Four hundred six double KOs were tested in the RA M1 macrophage model, while 300 double KOs were tested in the RA M2 macrophage model. None of these simulations perturbed the RA macrophages’ apoptosis or proliferation phenotypes.

Discussion

The number of macrophages in inflamed synovial tissue overgrows during RA, and their polarisation plays a critical role in RA’s physiological and pathological progression45. Thus, selectively suppressing the M1 macrophages or boosting the M2 macrophage could be a promising strategy for treating RA. To investigate such complex mechanisms, we developed a framework to calibrate large-scale Boolean models that can be either automatically inferred from molecular interaction maps using the CaSQ tool35 or manually built in the BMA JSON format. We analyse the models using a newly developed BMA tool37 version that can be deployed on Linux-based High-Performance Computing (HPC) clusters to identify all their attractors. These attractors are filtered to keep only the steady states. While these stable states are better suited to answering biological questions regarding stable patterns of biomolecule activities and cell phenotypes, and are easier to test against expression data, filtering out cyclic attractors may remove oscillatory behaviours that might be interesting to investigate in RA.
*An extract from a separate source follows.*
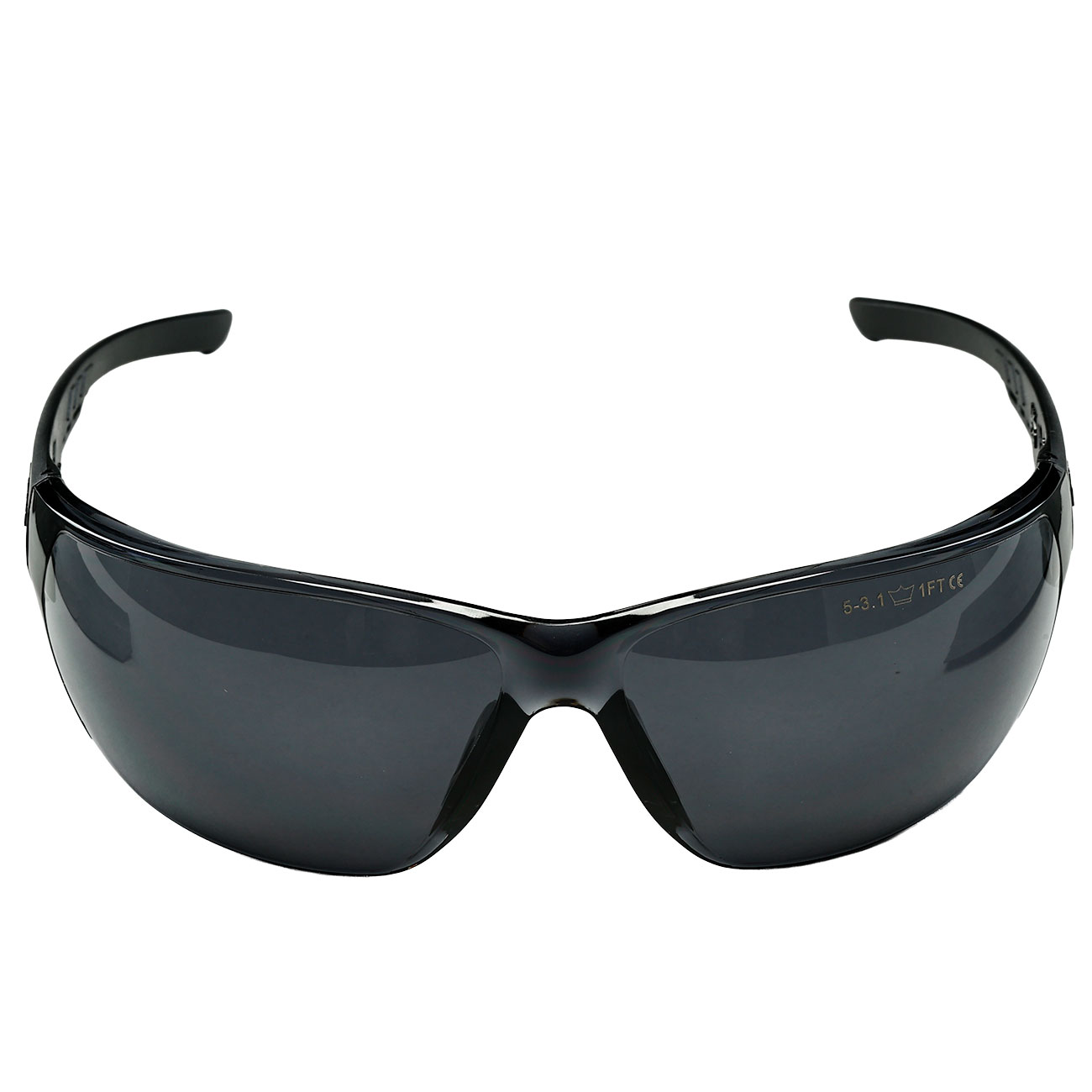 Boll� Safety Schutzbrille NESS rauch-get�nt inkl. verstellbarem Brillenband Bild 2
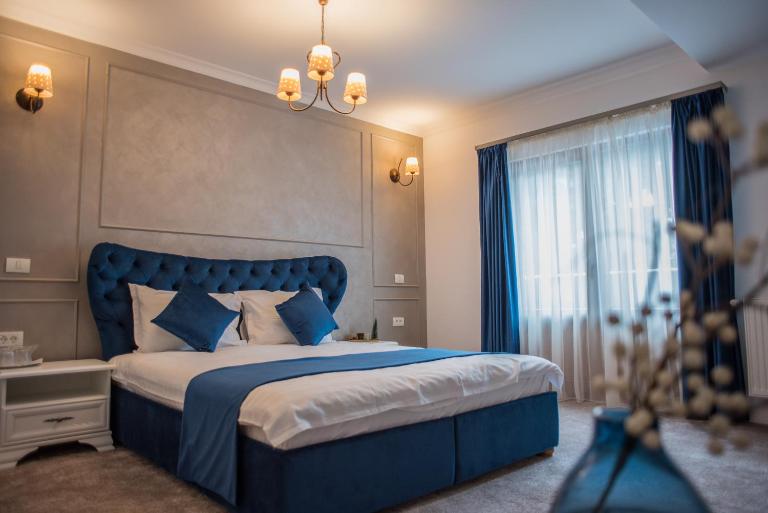 Boga Rooms - B&B Sinaia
Given the high number of input combinations in large-scale Boolean models, using HPC clusters enables high-throughput model analysis. It overcomes the lack of computational power and takes advantage of parallel computing to considerably reduce the running time for the search of the possible steady states. Because we are using Boolean formalism, the resulting steady states of the models are binary vectors. To be able to validate their behaviours, we compare them to differentially expressed molecules, we discretised the expressions. Biomolecules not differentially expressed, such as housekeeping genes, were not considered. Qualitative models with a higher granularity could be envisioned to address this limitation; nevertheless, additional computational resources would be needed to cope with the exponentially higher complexity of these models.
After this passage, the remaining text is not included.